### YOUR INSTRUCTIONS
The lines below, from the one holding "1725 Nesting Robin" through the one holding "Bílý prošívaný polštář", are to be restated word for word, with all images left out.

Short text fragments from websites
········

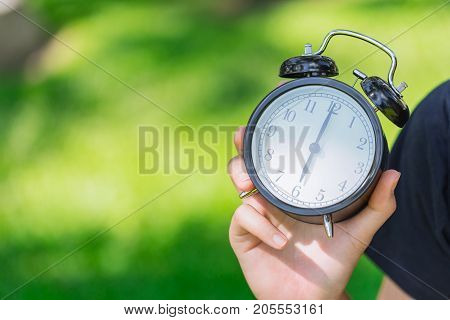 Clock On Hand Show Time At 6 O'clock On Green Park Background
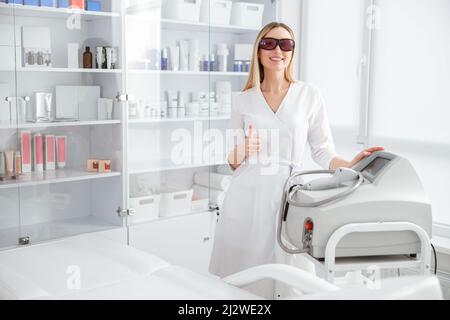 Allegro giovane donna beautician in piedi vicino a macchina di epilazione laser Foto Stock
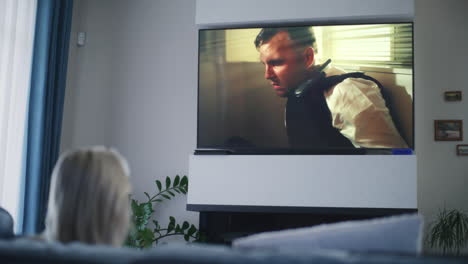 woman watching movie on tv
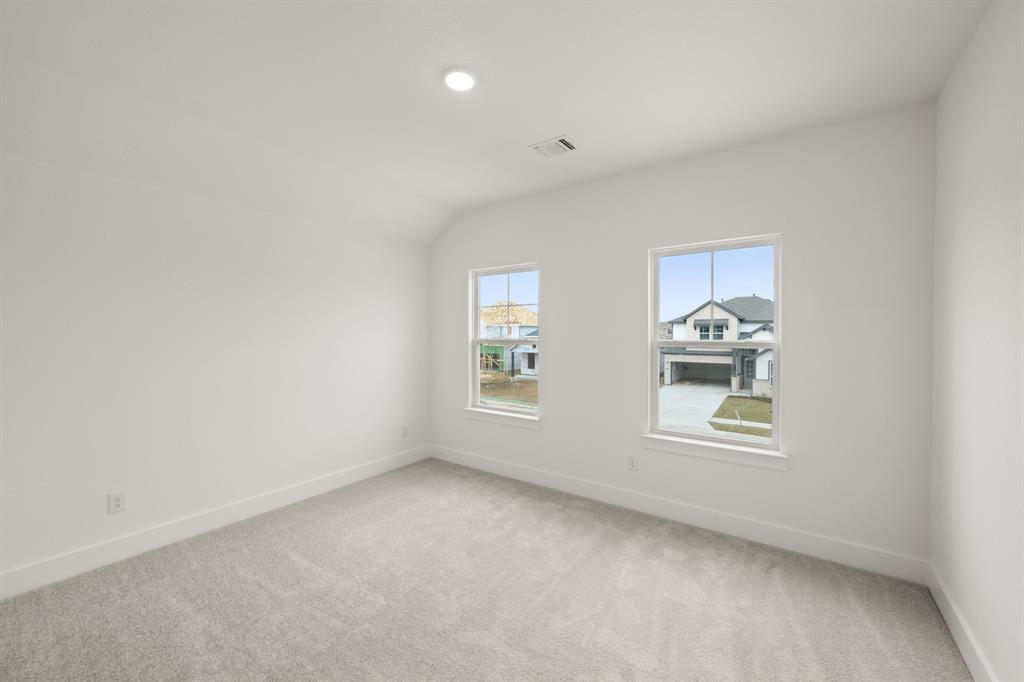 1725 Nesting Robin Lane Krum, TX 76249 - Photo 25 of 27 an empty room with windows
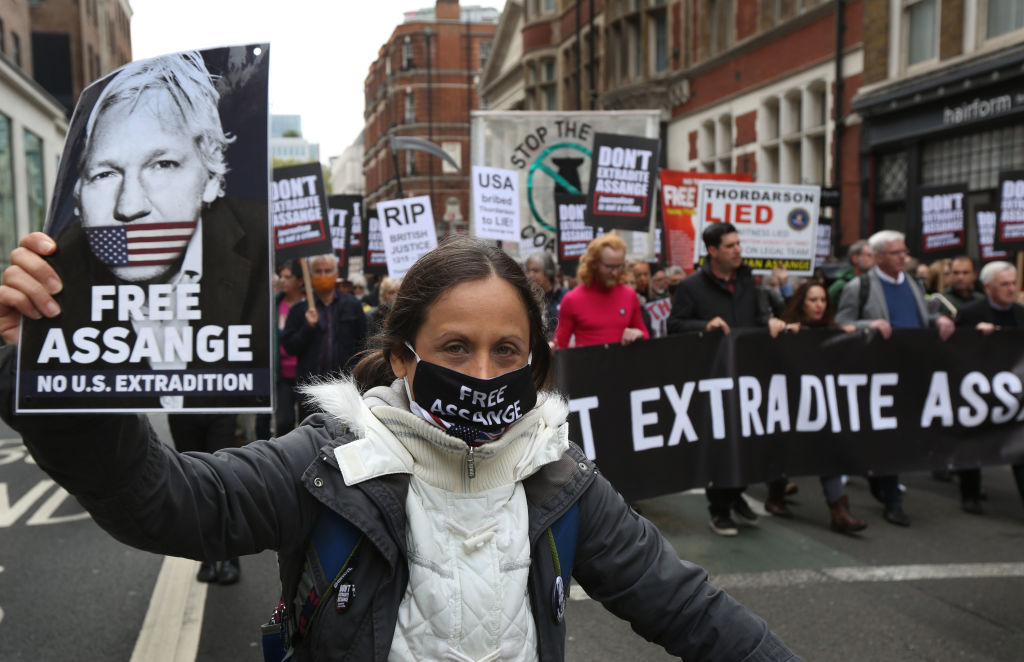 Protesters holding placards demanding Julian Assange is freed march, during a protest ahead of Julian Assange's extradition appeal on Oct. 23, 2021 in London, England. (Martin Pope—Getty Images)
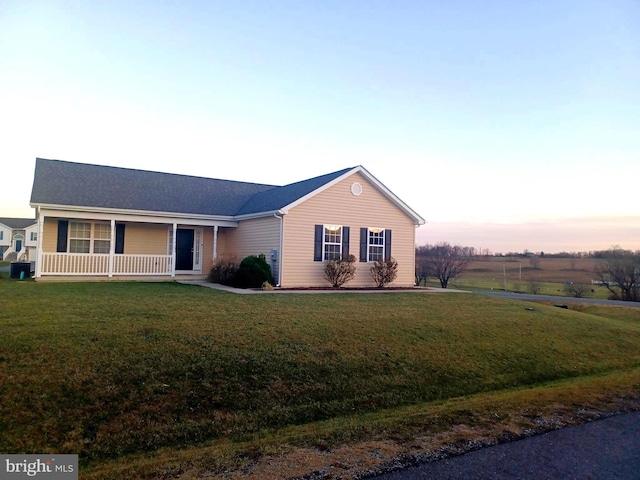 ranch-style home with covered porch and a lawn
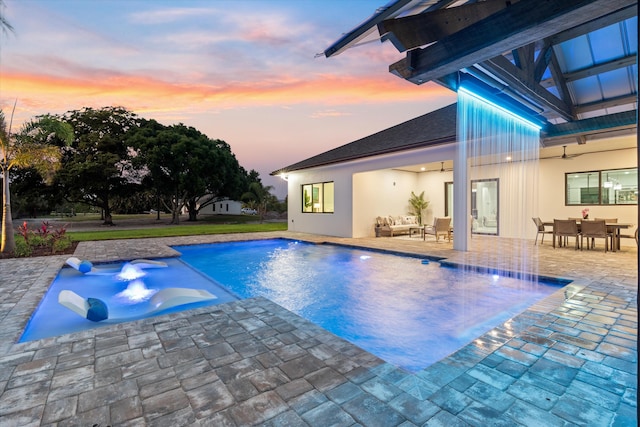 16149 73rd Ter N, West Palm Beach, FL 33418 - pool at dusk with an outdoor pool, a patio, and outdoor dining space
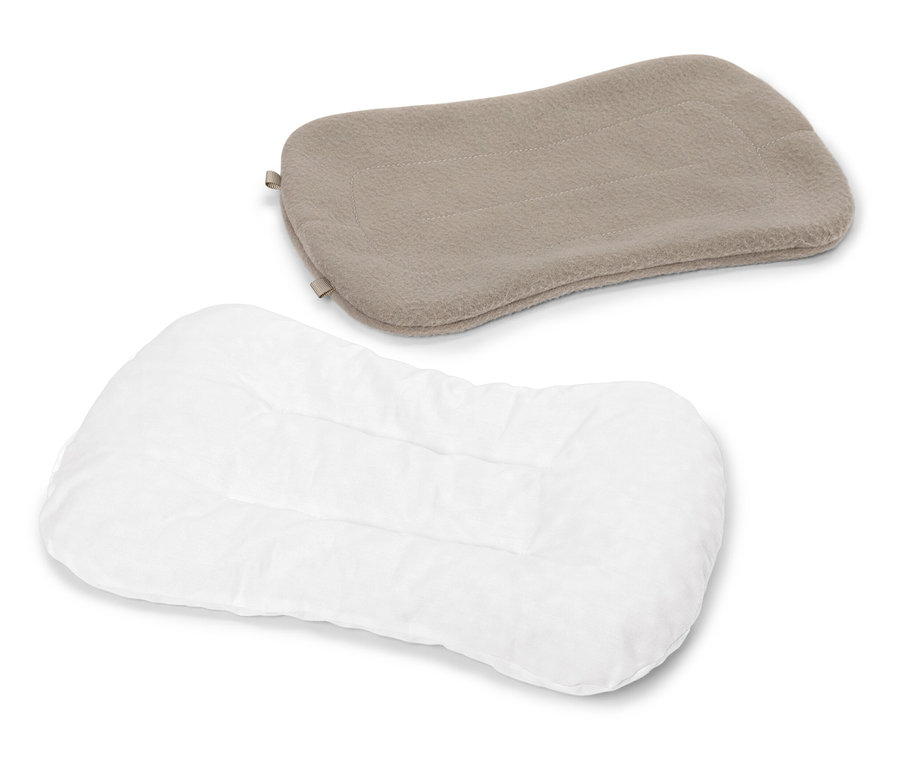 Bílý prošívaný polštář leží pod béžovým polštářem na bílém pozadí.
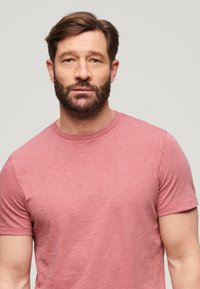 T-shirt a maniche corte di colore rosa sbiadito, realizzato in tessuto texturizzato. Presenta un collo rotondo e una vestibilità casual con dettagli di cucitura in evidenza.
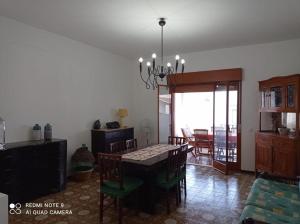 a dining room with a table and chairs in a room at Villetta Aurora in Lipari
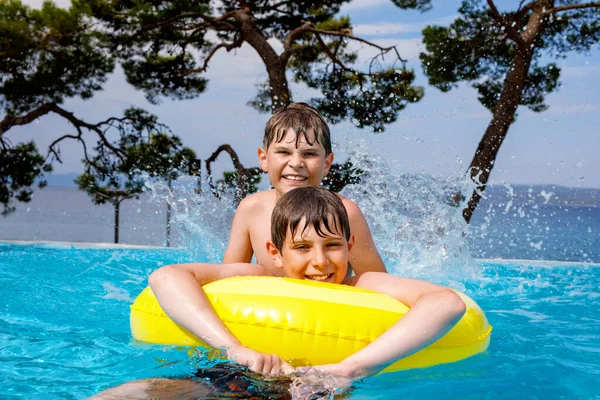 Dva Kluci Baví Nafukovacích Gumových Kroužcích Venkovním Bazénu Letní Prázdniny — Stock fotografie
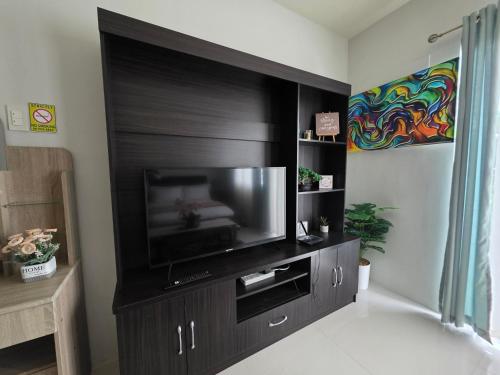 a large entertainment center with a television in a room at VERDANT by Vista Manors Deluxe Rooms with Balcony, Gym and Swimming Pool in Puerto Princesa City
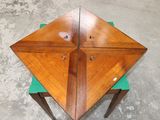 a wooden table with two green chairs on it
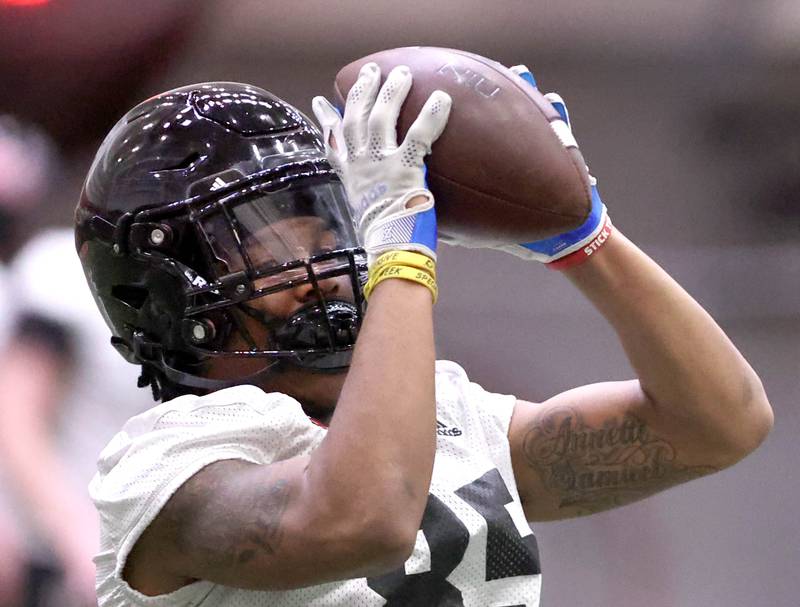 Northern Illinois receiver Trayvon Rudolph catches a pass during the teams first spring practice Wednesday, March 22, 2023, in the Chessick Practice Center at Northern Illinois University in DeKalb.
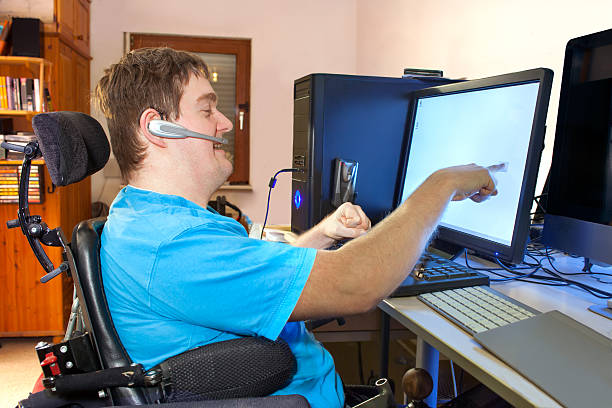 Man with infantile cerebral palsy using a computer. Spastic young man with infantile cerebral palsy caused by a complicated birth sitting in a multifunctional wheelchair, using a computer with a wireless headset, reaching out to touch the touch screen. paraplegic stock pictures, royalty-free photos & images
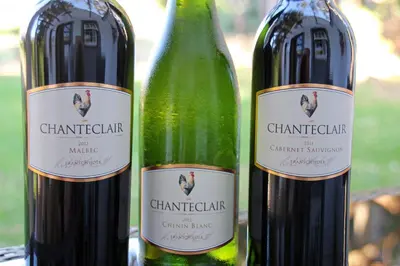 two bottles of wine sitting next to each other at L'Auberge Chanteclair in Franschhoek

········

### ANSWER SPACE
 1725 Nesting Robin Lane Krum, TX 76249 - Photo 25 of 27 an empty room with windows
 Protesters holding placards demanding Julian Assange is freed march, during a protest ahead of Julian Assange's extradition appeal on Oct. 23, 2021 in London, England. (Martin Pope—Getty Images)
 ranch-style home with covered porch and a lawn
 16149 73rd Ter N, West Palm Beach, FL 33418 - pool at dusk with an outdoor pool, a patio, and outdoor dining space
 Bílý prošívaný polštář leží pod béžovým polštářem na bílém pozadí.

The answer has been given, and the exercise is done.